(ASSIGNED TASK):
Where the line containing "2021 Ram 1500" appears below, begin there and reproduce each line exactly through the last one, omitting pictures.
***** DATASET SECTION *****
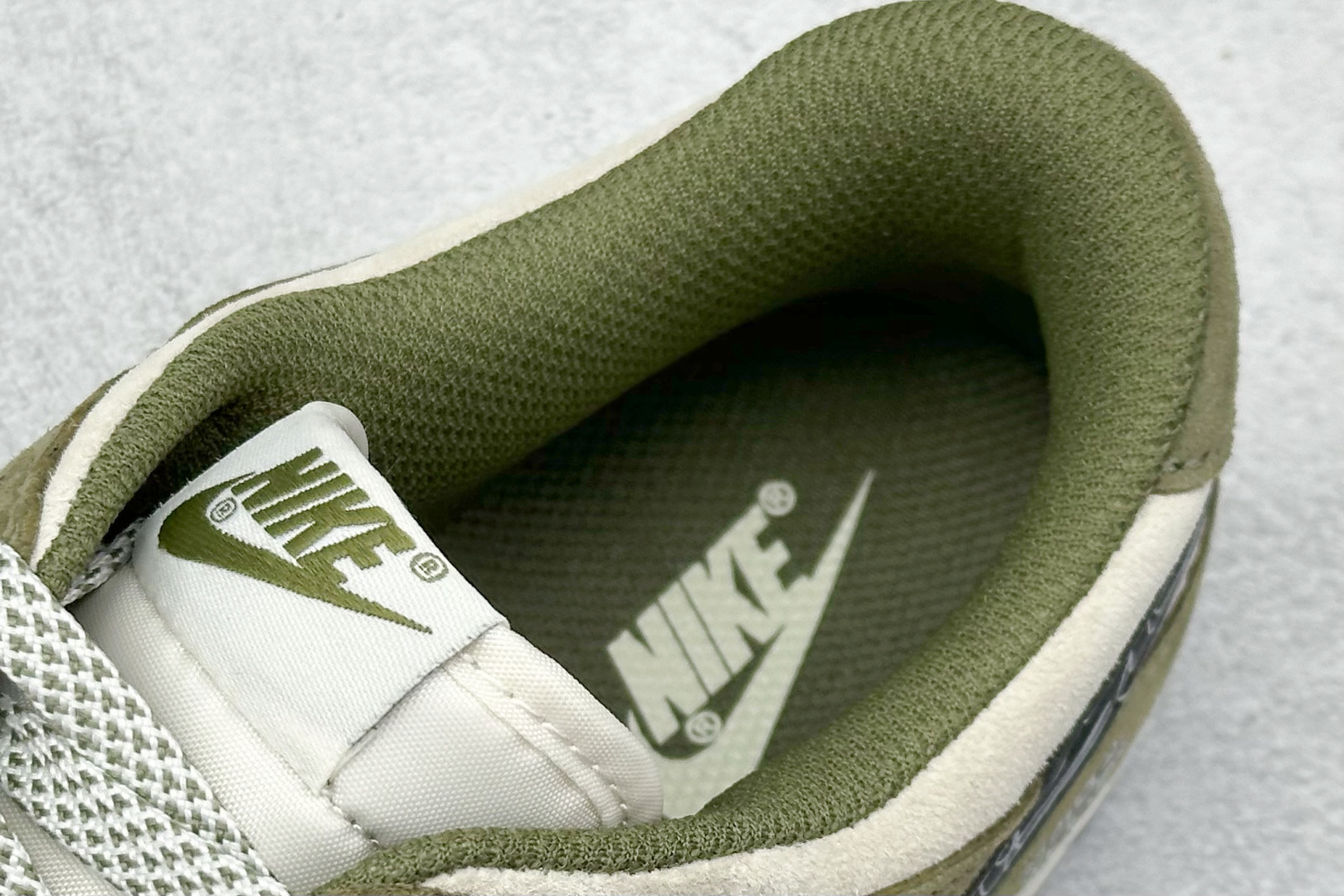 XC版Nike SB Dunk Low x UNDEFDATED 米绿翻毛 多重黑钩 DJ2024-037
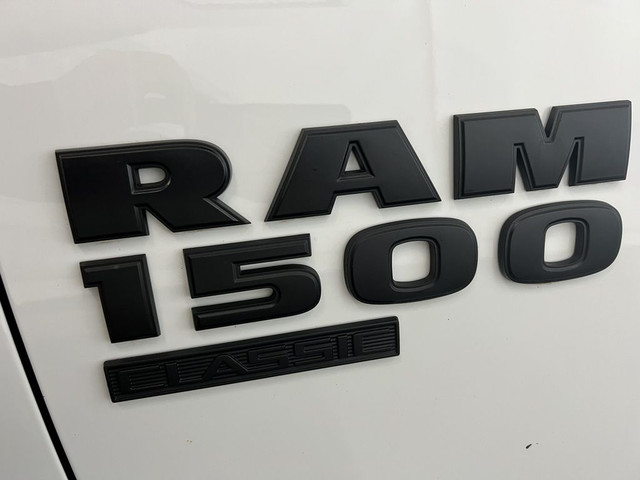 2021 Ram 1500 Classic WARLOCK 5.7 4X4 | HTD STS/STR WHL | TOW PK in Cars & Trucks in Lloydminster - Image 4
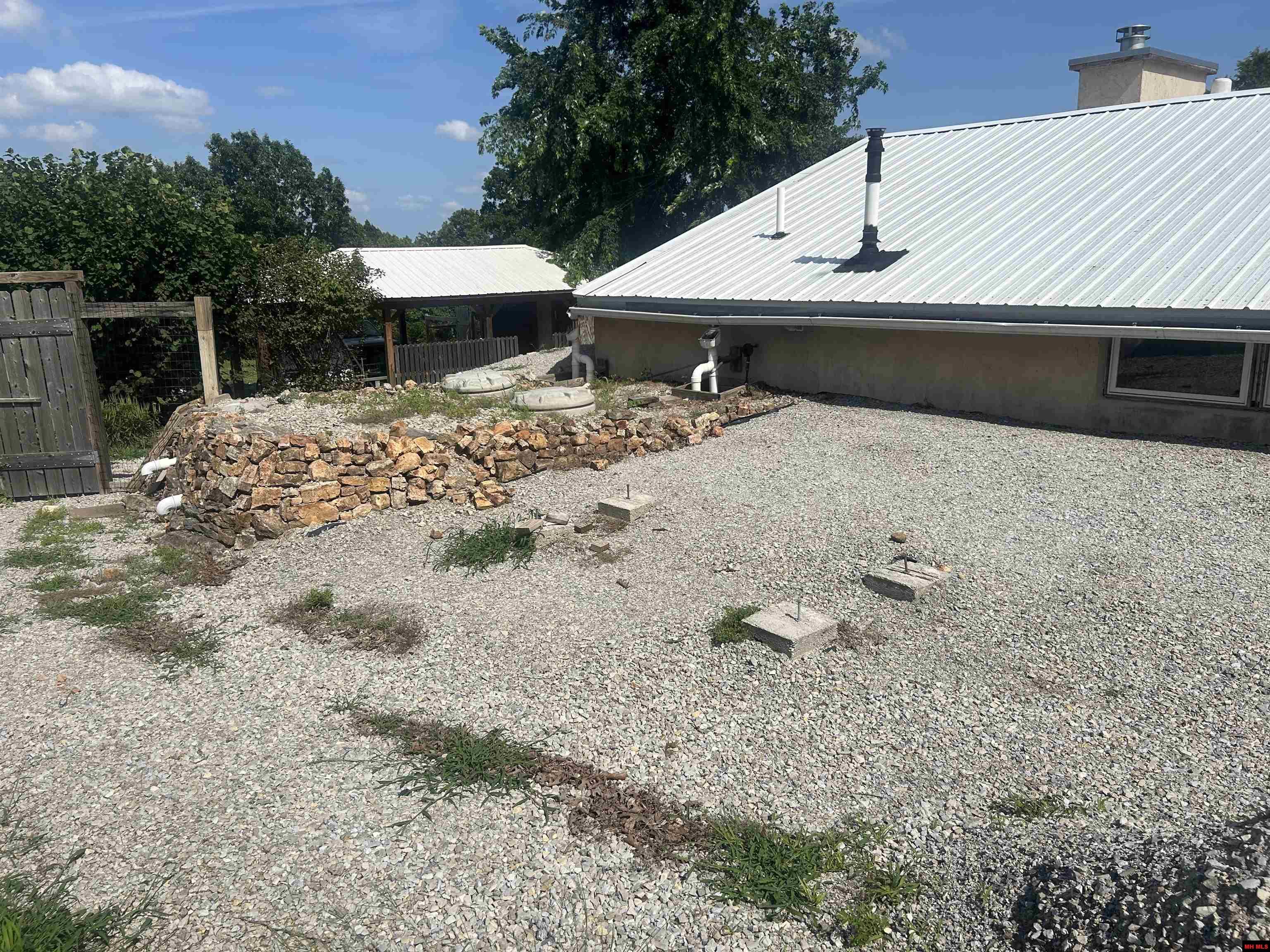 4 MC 8054 Yellville, AR 72687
*****
(RESPONSE AREA):
 2021 Ram 1500 Classic WARLOCK 5.7 4X4 | HTD STS/STR WHL | TOW PK in Cars & Trucks in Lloydminster - Image 4
 4 MC 8054 Yellville, AR 72687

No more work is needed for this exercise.